株式会社を設立する2つのケースとは
株式会社を設立する際のパターンは大きく分けて2つあります。一つが個人事業主で事業を始めた方が、徐々に事業が大きくなり法人化するケース。もう一つが、起業家が事業をスタートする際に初めから株式会社を設立するケースです。
この2つのケースから見られるように、事業者はどういう理由で株式会社をはじめとする法人化を目指すのでしょうか⁉
それは、法人化には様々なメリットがあるからです。当事務所にも法人化のメリットを聞きに来る方が沢山いるのが現状です。ただし、メリットだけではございません。必ず知っておくべき注意点もありますのでしっかりとご確認ください。
株式会社設立のメリット
社会的信用度が向上する
株式会社は個人事業主に比べて社会的信用が高いです。それ故に、取引先や顧客からの信頼を得やすくなります。なお、一般的には、合同会社よりも株式会社の方が認知度があり信用度も高いです。
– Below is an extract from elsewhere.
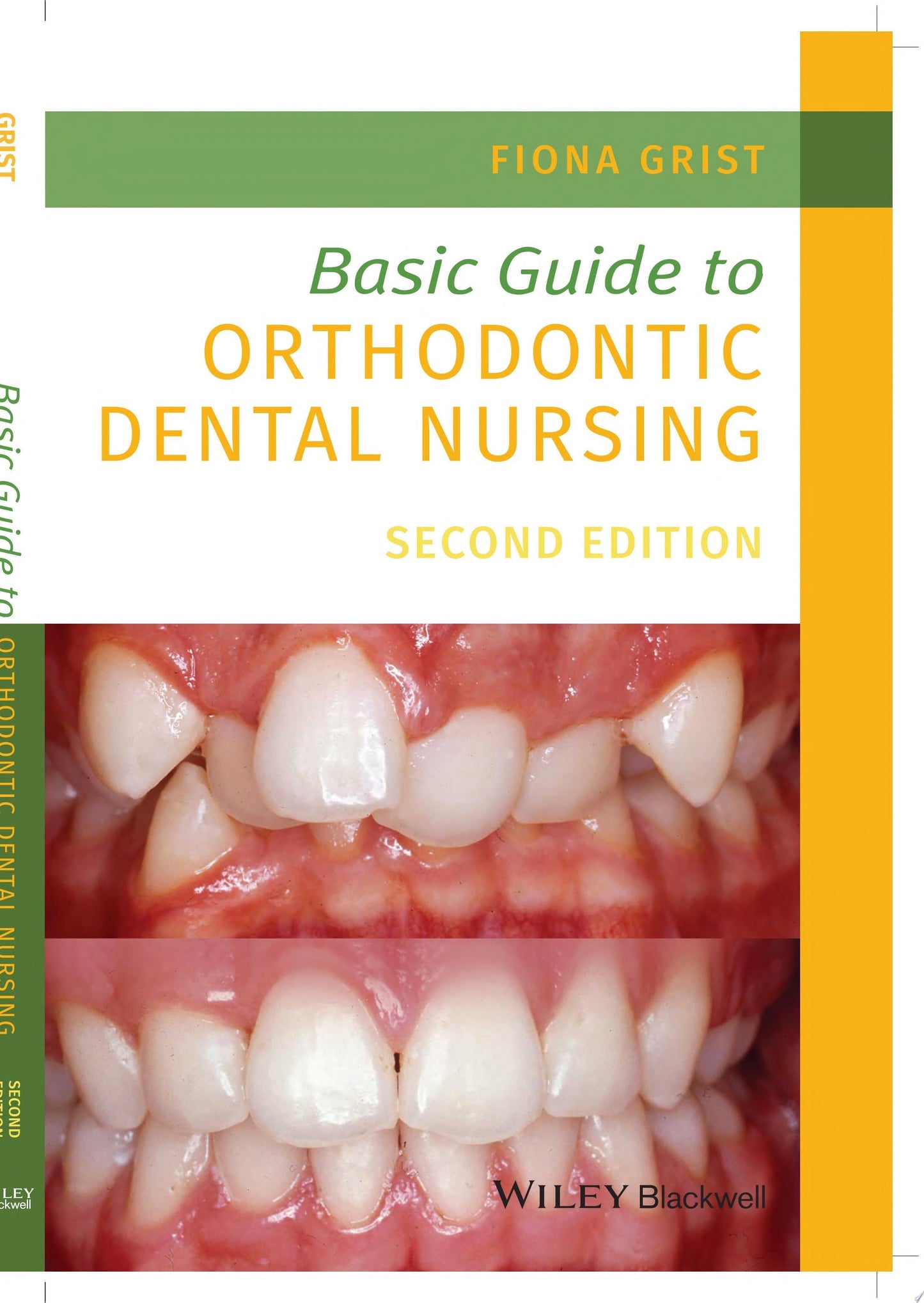 Basic Guide to Orthodontic Dental Nursing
従業員を採用する際も、個人事業主よりも株式会社の方が人が集まりやすいです。
節税効果が期待できる
個人事業主よりも節税効果が期待できます。法人税の適用が大きいからです。また、赤字になった際の繰越期間も個人事業主に比べて長いこともメリットとなります。
給与所得控除を利用できる
株式会社を設立すると設立した株式会社から役員報酬や給与が支払われますが、これらは「給与所得控除」の対象となりますので節税効果が期待できます。
資金調達面で有利
一般的には、個人事業主よりも株式会社の方が資金調達面で有利と言えます。ただし、資本金の大小などございます。また、 株式を発行することで、銀行からの融資だけでなく、投資家からの資金調達も可能になります。
なお、補助金・助成金の申請に関しても法人のみ申請可を条件としていることも少なくありません。
有限責任である
株式会社は、株主が資金を出資して設立するのですが、株主は出資額以上の責任を負いません。ついては、株主の出資金以上の個人の財産が保護されることになります。ただし、借入する際など代表者が会社の連帯保証人になっているケースはご注意ください。
なお、個人事業の場合は債務に対して無限責任となります。
退職金制度の利用
個人事業では、自分自身に退職金を支払うということはできません。一方で法人は退職金を支払うことで、税制上の優遇措置を受けることができます。
退職金は経費になるものですし、受けっとった側も税制上優遇されています。
事業年度が選択できる
個人事業主では、12月末が事業年度と決まっていますが、株式会社の場合は、事業年度が自由に決められます。繁忙期と決算期を分けたりすることもできます。事業や資金の状況を考えて決算月を決めれることは大きなメリットになります。
なお、決算月から2か月以内に法人税などの申告書を作成し、税務署に提出します。
この他にも株式会社を設立するメリットは沢山あります。これらメリットを考慮して、事業の規模やその内容、そして将来の展望に応じて株式会社の設立を検討する必要があります。
株式会社設立の注意点
社会保険料の負担
これまで個人事業主で1人で事業をしている、または、従業員が5人未満の場合は、社会保険に加入する必要はありませんでした。
しかしながら、株式会社をはじめとする法人は、1人であっても必ず社会保険に加入しなければなりません。特に従業員が多数いる場合は、社会保険料の負担が大きくなることに注意しましょう。
なお、社会保険料jは概算で給与の約15%が目安となります。内訳は、健康保険料率、介護保険料、厚生年金保険料率となります。株式会社を設立すると、社会保険料半分を会社が負担することになります。
さらに、労働保険の加入が必要になることもありますので、ご注意ください。
赤字でも税金が発生する
個人事業の場合であれば、赤字のケースでは所得税が発生しません。一方で、株式会社になるとたとえ赤字であっても法人府県民税・法人市民税の均等割は発生します。およそ8万円程度を目安にしてください。
経理が複雑になる
個人事業の場合であれば、会計ソフトなどを活用しながらご自身で決算をしているケースも多いのですが、株式会社では、経理がかなり複雑になるため、かなりハードルが上がります。
法人化した多くは税理士などの専門家に依頼しているのが現実です。